Of course, as is true of any real hero, he was a real human being with spots and pores and wrinkles and bristles. Though quoted now by almost everybody with admiration, in his lifetime, such universal adulation eluded him. Some found him to be a threat. J. Edgar Hoover’s FBI spied on him mercilessly. Others thought that he was too timid. Nonviolence was too burdensome, they thought, too slow to change anything.

I think that it is important to see Dr. King, as much as possible, in noon time light. And I am indebted to a colleague in ministry, Dr. Betty Livingston Adams, a scholar studying nineteenth and twentieth century American and African American religious and social history, for sharing recently some of Dr. King’s words—words not usually turned into Facebook memes or chiseled into memorial stone, but words which remind us of the real focus of Dr. King’s work on the intersecting realities of poverty and race. And one quote in particular stands out to me. It comes from a series of lectures that Dr. King delivered back in 1967, later published as a book entitled, The Trumpet of Conscience:

“The dispossessed of this nation—the poor, both white and Negro—live in a cruelly unjust society.

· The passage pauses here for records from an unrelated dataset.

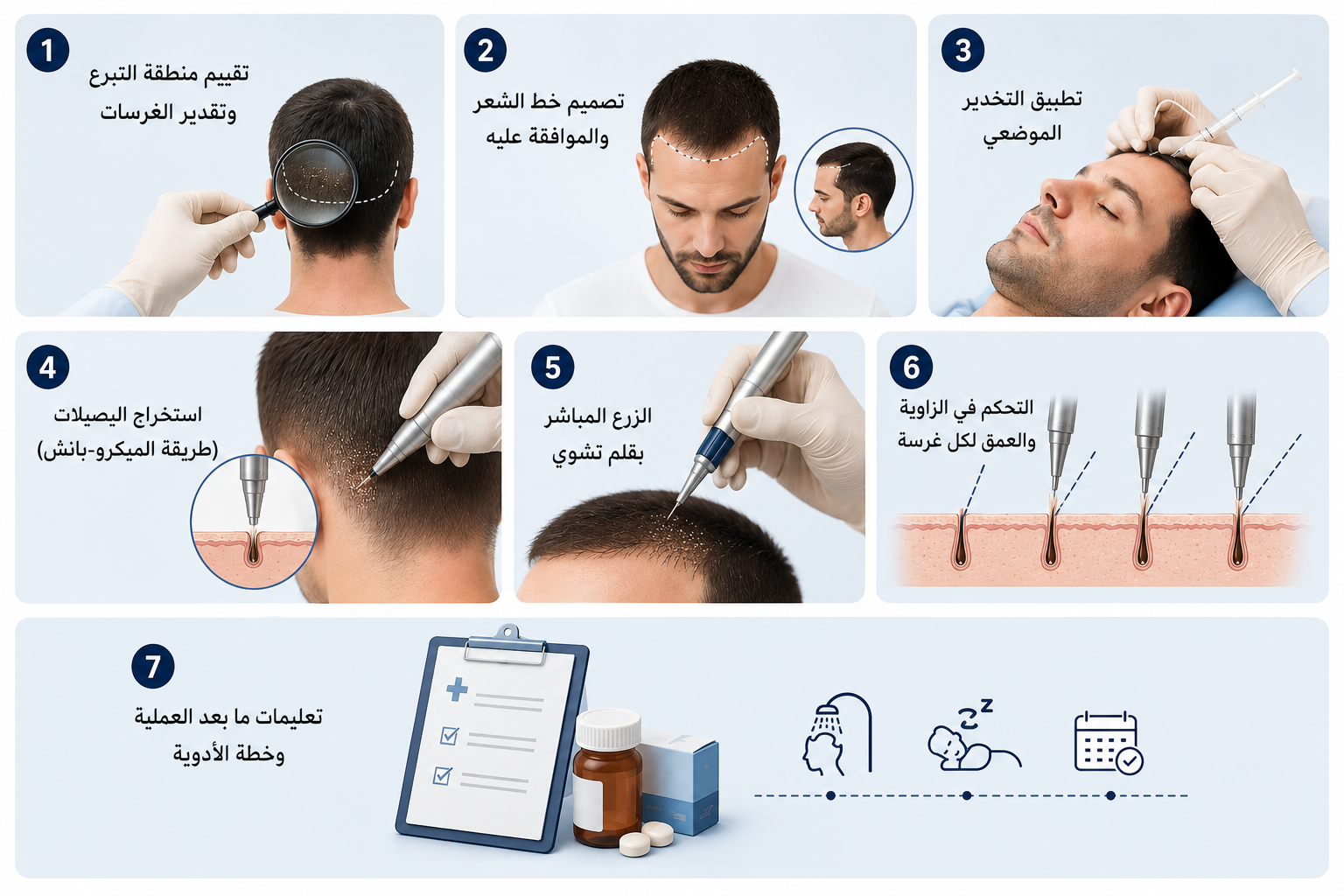 زراعة الشعرDHI t في تركيا مع Care Bridge US العملية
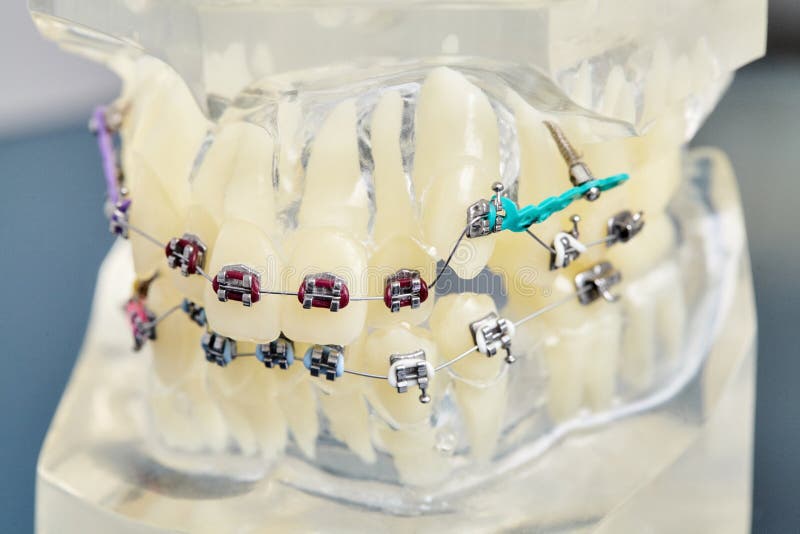 Human teeth orthodontic dental model with implants, dental braces stock images Human teeth orthodontic dental model with implants, dental braces stock images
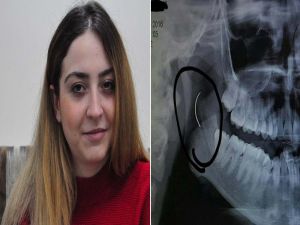 Boğazındaki İğneyle Tam 18 Yıl Yaşadı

They must organize a revolution against injustice, not against the lives of the persons who are their fellow citizens, but against the structures through which the society is refusing to take means which have been called for, and which are at hand, to lift the load of poverty.”

His words, with edges unblurred, seem to me to be as relevant today as they ever were. And remembering Dr. King in noontime light makes clear that the work to which he gave his life, while advanced, is not completed, but calls for the ongoing commitment of all who would honor him.